Egypt’s President Backs Global Campaign Against Islamic State Extremists
NEW YORK—Egyptian President Abdel Fattah Al Sisi pledged his support for the U.S. war against Islamic State militants, but called on PresidentBarack Obama to widen his campaign against extremism well beyond Iraq and Syria.
The former Egyptian military commander, in his first interview in the U.S. since formally taking power in June, also cautioned the administration against “washing its hands” of the Middle East at a time when the region’s borders are in flux and the threat of militancy is growing with the instability.

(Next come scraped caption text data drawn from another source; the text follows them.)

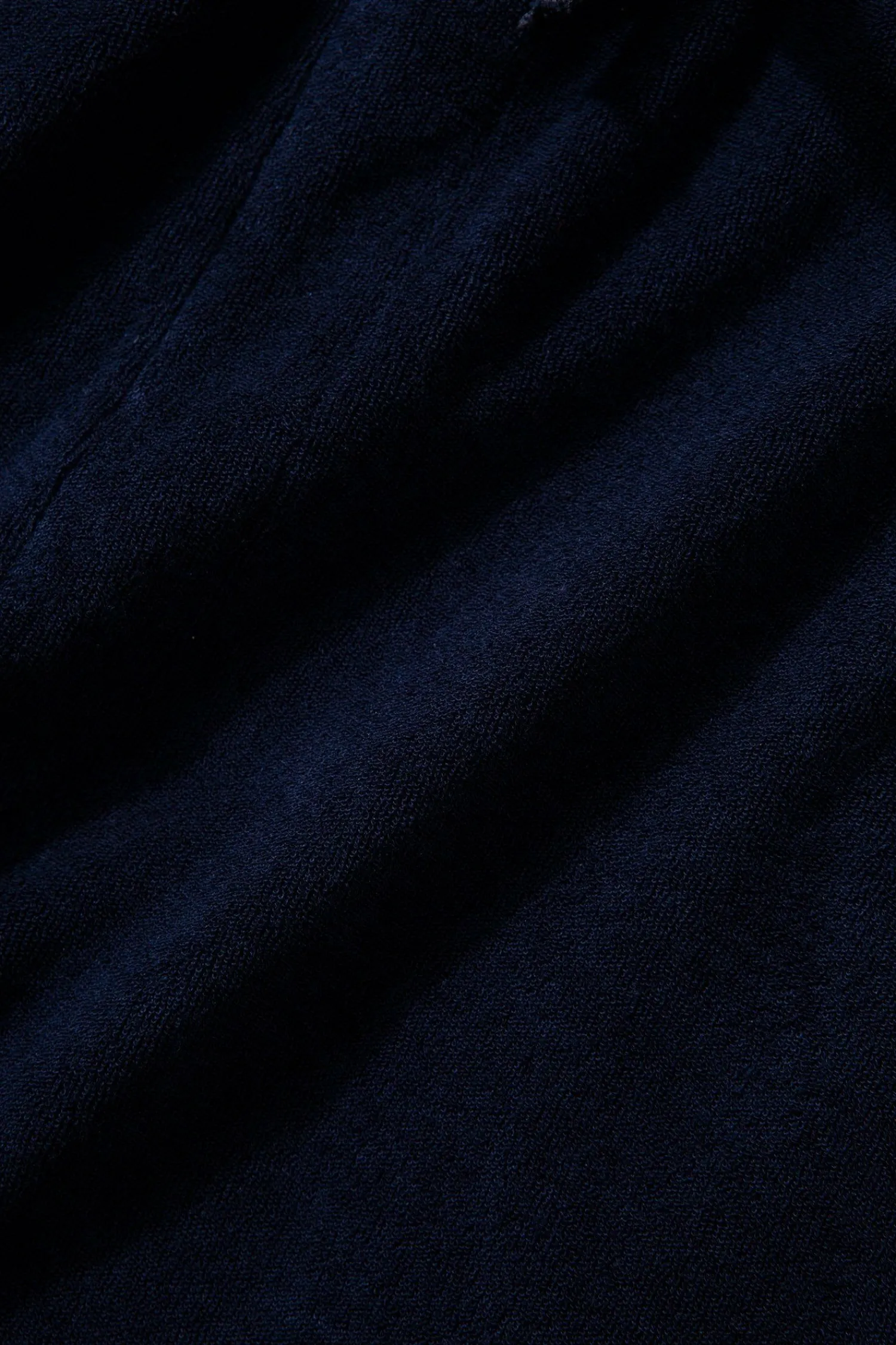 Hombre Edmmond Studios Terry Shorts Plain Navy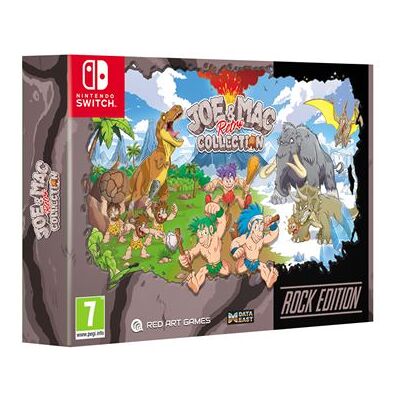 Meridiem Joe & Mac Retro Collection Rock Nintendo Switch Meridiem Joe & Mac Retro Collection Rock Nintendo Switch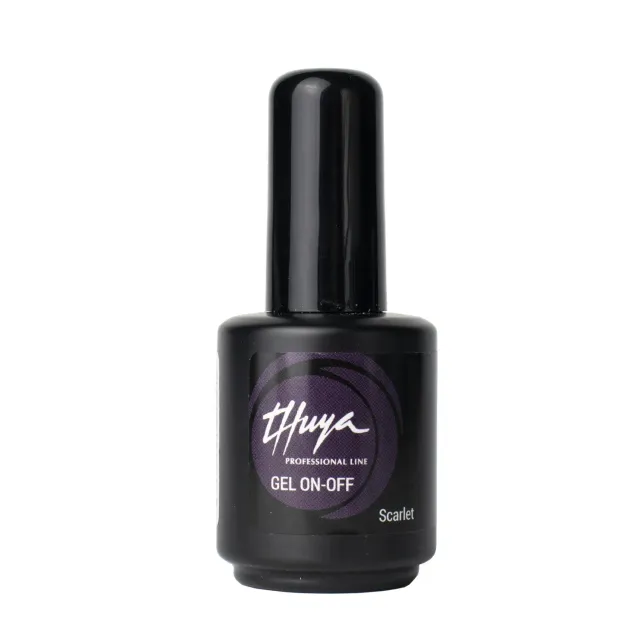 Evolution Gel Gel On-Off Scarlet gellak bordeaux violet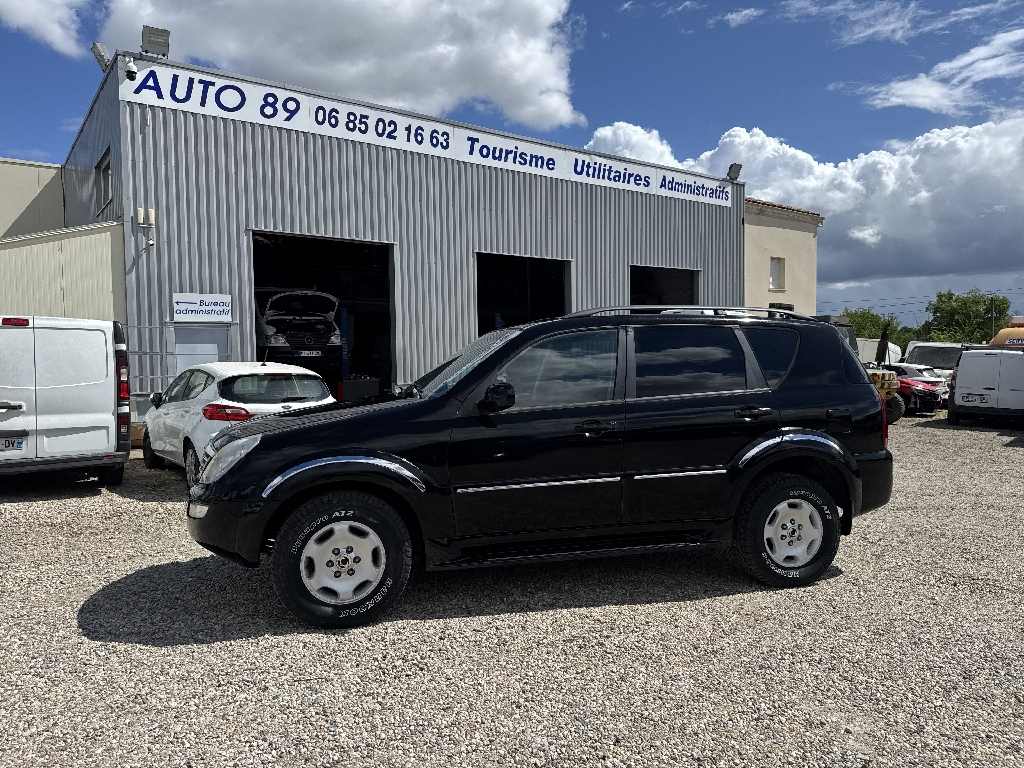 SSANGYONG REXTON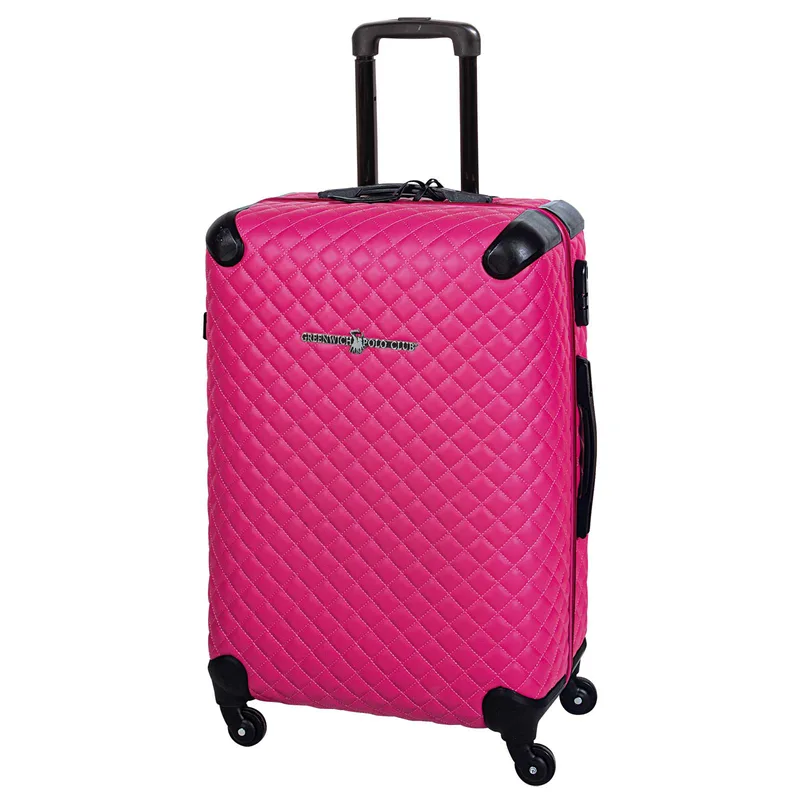 Greenwich polo club βαλιτσα 55χ37χ22 premium 7507 fuschia
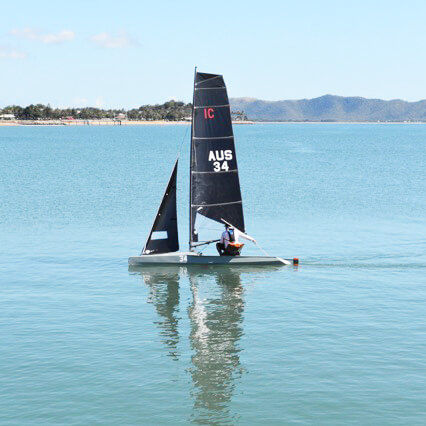 Mástil de velero - International  - C-Tech - de carbono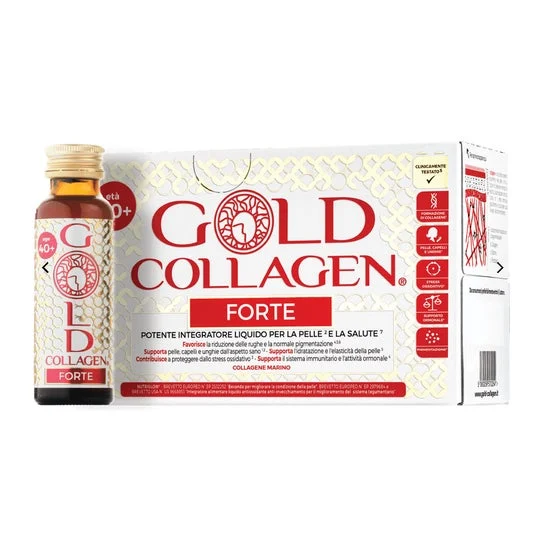 Gold Collagen Forte 10Fl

Mr. Sisi cited terrorist threats in Libya, Sudan, Yemen and the Sinai Peninsula as mirroring the danger posed to the Middle East and the West by Islamic State, which is also known as ISIS or ISIL.
He also said he is pursuing economic development, education and the promotion of religious tolerance as tools that were just as important for neutralizing Islamic State and other radical groups as military strikes.
“We can’t reduce the danger lurking in the region to ISIL. We have to bear in mind all the pieces of the puzzle,” Mr. Sisi said in a nearly hourlong interview at a Manhattan hotel. “We can’t just limit the confrontation to checking and destroying the Islamic State.”
Mr. Sisi, 59 years old, is attending the annual United Nations General Assembly this week as a sort of coming out party for one of his region’s most important new leaders.
Since taking office, Egypt’s sixth president has cut energy subsidies in a bid to revitalize his country’s economy, continued a broad crackdown on the Muslim Brotherhood movement and worked closely with Israel to broker a tenuous cease-fire with the Palestinian militant group and political party, Hamas.